Dunkin Donuts logo

Dunkin Donuts lost is bid to trademark the phrase,  “America’s Best Coffee.”

Trademark: What’s in a name? It’s a worthwhile and important question to ask these days if you’re a content producer. It used to be that giving  your piece (in whatever media) a striking, often peculiar name guaranteed attention. These days, it’s the opposite. You want to be as direct as possible. The reason, quite simply is so that people will find you. That’s the reason why the most obvious url’s sell for thousands (and even tens and hundreds of thousands of dollars). If you wanted to sell cookies 10 years ago a name like “Purple Rainbow” might have been the way to go. These days, it’s cookies.com. In fact, businesses are now formed totally based on what url you acquire. If it’s cookies.com, you’ll start a cookie company. If there’s a good deal on tires.com, you’ll sell tires.

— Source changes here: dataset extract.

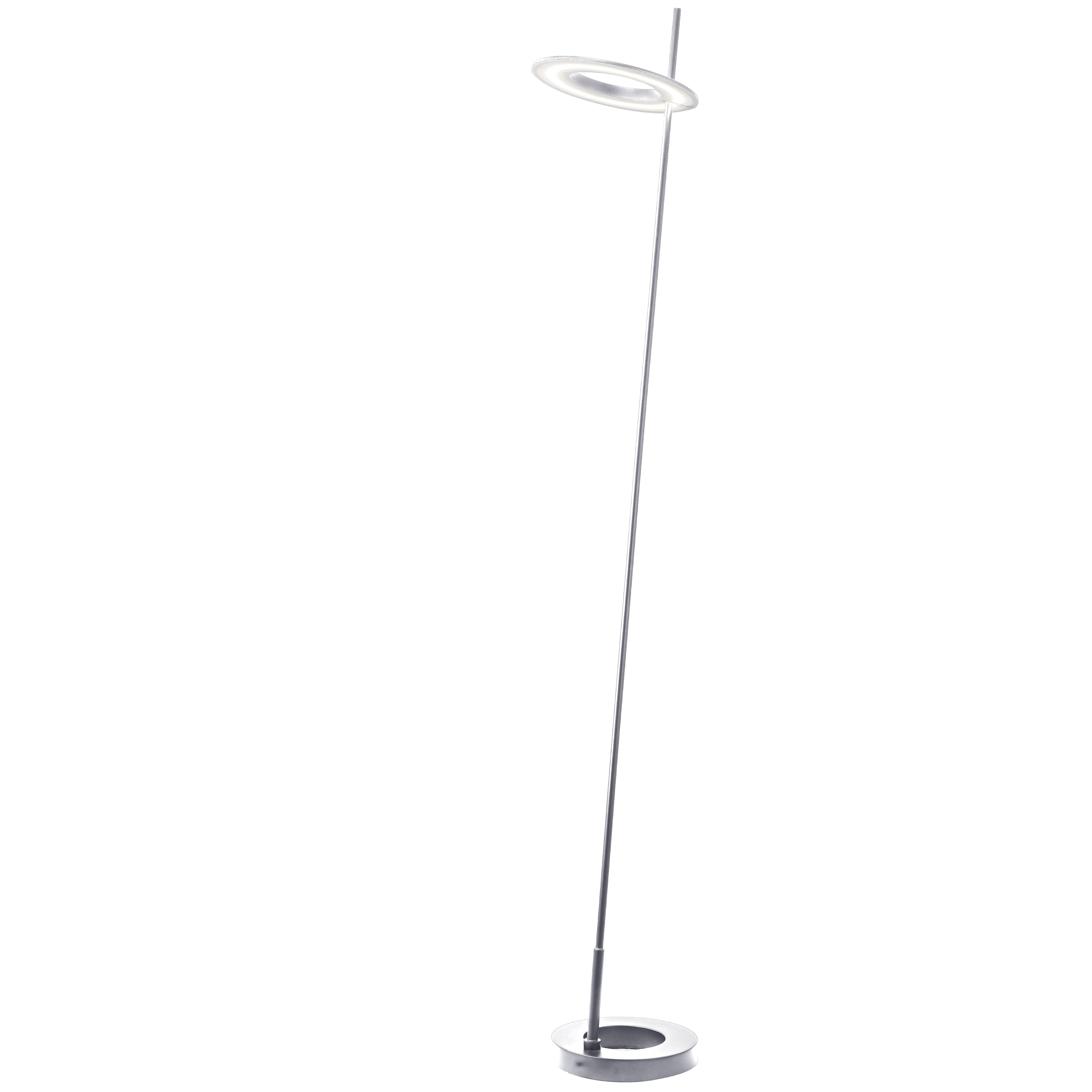 FINLEY Lampe sur pied Nickel DEL INTÉGRÉ - FLY-6020LEDF-SLV | DAINOLITE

There’s now a land grab going on in the world of trademarks. Companies and brands want to gobble up the broadest and most desirable terms for their exclusive use. They want to be searchable. They want to be found. Just last week the Chanel failed in its attempt to trademark its new perfume name “Jersey.” In this case, the opposition came not from the State but from the British Isle. The Isle of Jersey made a case against exclusivity, a claim that was recognized by the decision of the UK Patent Office. “It was important that we challenged this,” said Jersey senator Alan Maclean. “This was about ownership of the name Jersey. It is not about stopping Chanel using the name.”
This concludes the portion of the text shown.